The biggest takeaway here is that the key to creating good content lies in understanding your audience. You need to know what they want, and how you can help them. When writing an article, keep this in mind at all times.
Who are these people? What do they want? What do they need help with right now? If you can find answers to these questions and then write accordingly then you’ll be well on your way toward creating something amazing!
Academic Paper: Incorporating Fictional Characters in Legal Writing – Explore an academic paper discussing the incorporation of fictional characters in legal writing and its potential benefits.
Using Real People in Fiction: Legal and Ethical Considerations – Learn about the legal and ethical considerations when using real people as inspiration for fictional characters in your creative work.
Protection of Fictional Characters: Legal Insights – Discover legal insights on the protection of fictional characters and the intellectual property considerations associated with them.
And here’s the “FAQs” section based on the semantic of the titles:
Can I legally incorporate fictional characters in my legal writing?
Yes, you can incorporate fictional characters in your legal writing, but it’s essential to consider intellectual property and ethical implications.

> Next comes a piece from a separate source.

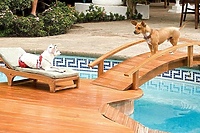 Cziłała z Beverly Hills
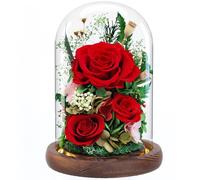 Preserved Rose in Glass Dome with LED Light, Forever Flowers for Delivery Prime, Flowers Fresh Bouquet as Gifts for Women Mom Grandma Friend Wife Girlfriend on Christmas Birthday Anniversary-Red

What legal and ethical considerations should I keep in mind when using real people as inspiration for fictional characters?

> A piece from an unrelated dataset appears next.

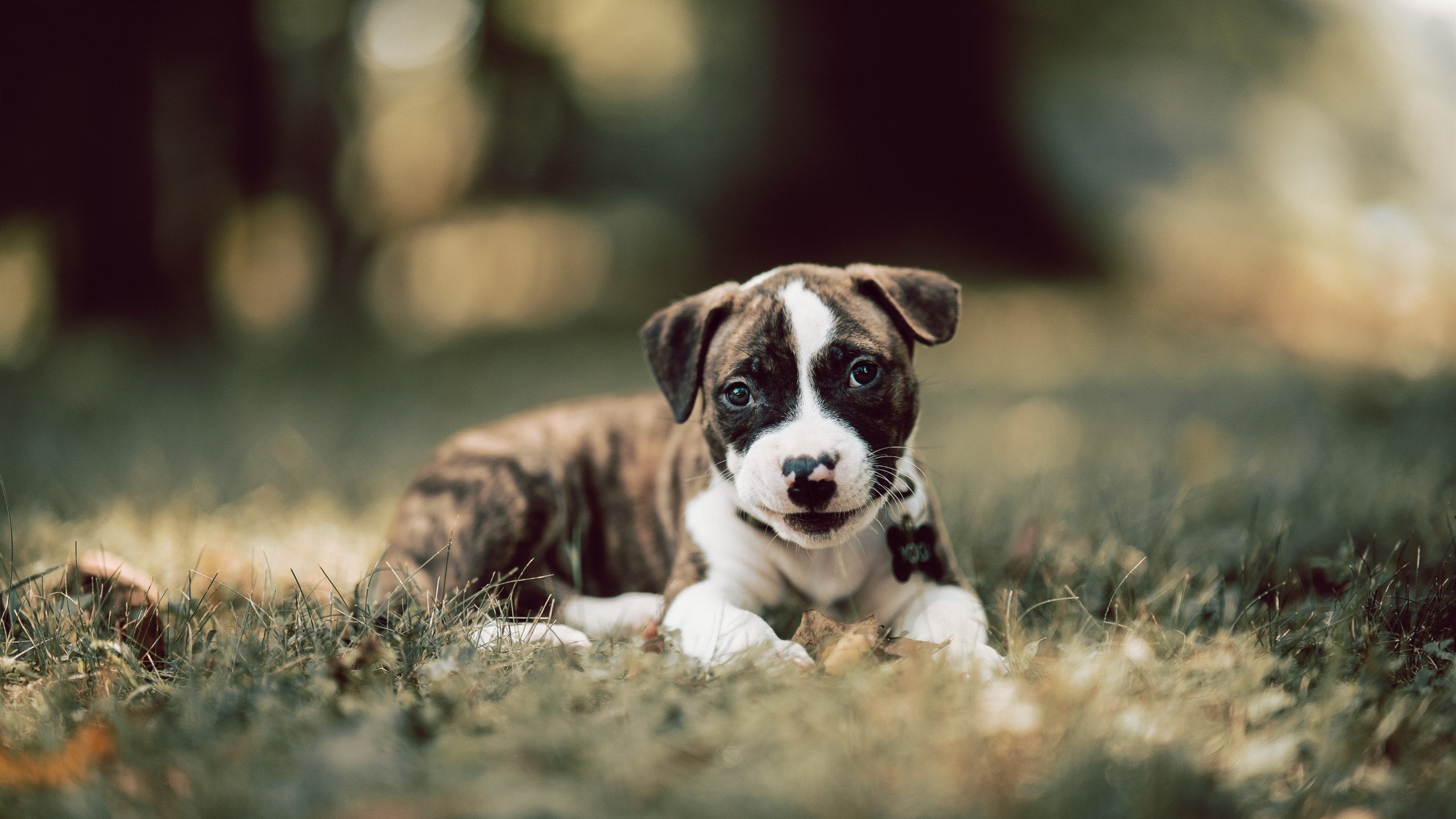 伯明翰市锋线火力全开，蓝军渴望晋级，伯明翰the emporium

Using real people as inspiration for fictional characters involves ethical considerations to avoid misrepresentation or harm, along with potential legal issues related to privacy and defamation.
How can I protect the fictional characters I create?
To protect fictional characters, you should explore copyright, trademark, and other intellectual property avenues, depending on the nature of your characters and their significance.
What are the potential benefits of using fictional characters in legal writing?
Incorporating fictional characters can make legal concepts more relatable and engaging for readers, helping to simplify complex ideas and enhance reader comprehension.
Are there limitations on the level of creativity I can apply to fictional characters in legal guides?
While creativity is encouraged, it’s essential to maintain accuracy and professionalism in legal writing. Striking a balance between creative elements and legal accuracy is crucial.
Costantine Edward is a digital marketing expert, freelance writer, and entrepreneur who helps people attain financial freedom. I’ve been working in marketing since I was 18 years old and have managed to build a successful career doing what I love.